Tattoo-inspired fashion has often titled into the flamboyant, a la Christian Audigier. Instead, the results are a much more restrained affair—blazers, hooded sweatshirts, T-shirts, scarves, leather chelsea boots featuring tonal embroideries.
“I wanted to do something that was beautiful and unexpected,” Smith explained. “Tattoo motifs have been used so many times in fashion,” Mahoney added. “So many times it’s gaudy, there are too many colors, it’s too eye-drawing. My tattoos look like their a part of … like they’re in the skin, not on the skin. And that’s exactly how this collection works, they’re in the leather, they’re in the fabric, not just on it. It’s intrinsic.”
As the fashion industry is increasingly led by large corporations, Sir Smith noted that he’s an independent—;the buck stops with him—and that projects like this help him stay creatively nimble. “There’s a lovely, scary sentence I think of often. No one cares how good you used to be.” For that reason, Smith says, he’s dabbled in designing non-fashion objects that include a Leica camera and bicycle. “You’ve got to do things that scare you.”
It’s that ethos, in part, that has made his Melrose Avenue store, which, with its Pepto Bismol-pink facade, the most-Instagrammed building in California. That’s right: Paul Smith, for better or worse, essentially invented the “Instagram Wall” before the social media platform even existed. “That’s the luxury of being the owner, of being independent. You can take risks. I know LA is flat and wide, that everyone drives a car, that Melrose is 20 miles long. I knew I needed an Eiffel Tower, something that made everyone stop and notice.”
While Smith works with fabric and Mahoney with ink and needles, both men are entrusted with the fine art of memory making. Smith, after all, dresses men for their weddings (not to mention actors when they’re up for a big award) and Mahoney’s work often commemorates important milestones — the birth of a child, the death of a loved one. It’s work that neither takes lightly. “In this homogenized world, we’re keen on people being able to express themselves,” said Smith. “They’re individuality, through tattoos or clothing.”
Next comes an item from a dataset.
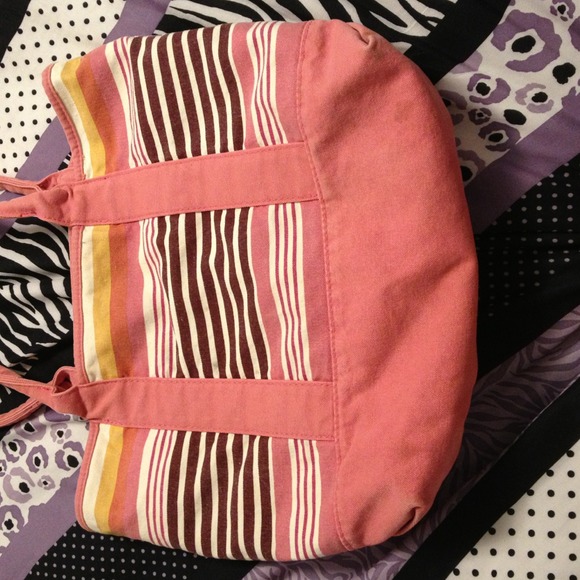 Reversible Aeropostale tote bag!!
While the fashion industry has certainly evolved over the years it’s maybe Mahoney who’s witnessed the biggest sea change — from outlaw to icon — all the while watching tattoos move from fringe to mainstream. “They definitely weren’t always socially acceptable,” he said. “It was much more underground, and in some ways I miss that. But in another way, I’m just glad that now everyone can everyone can experience a tattoo and how good it makes you feel.”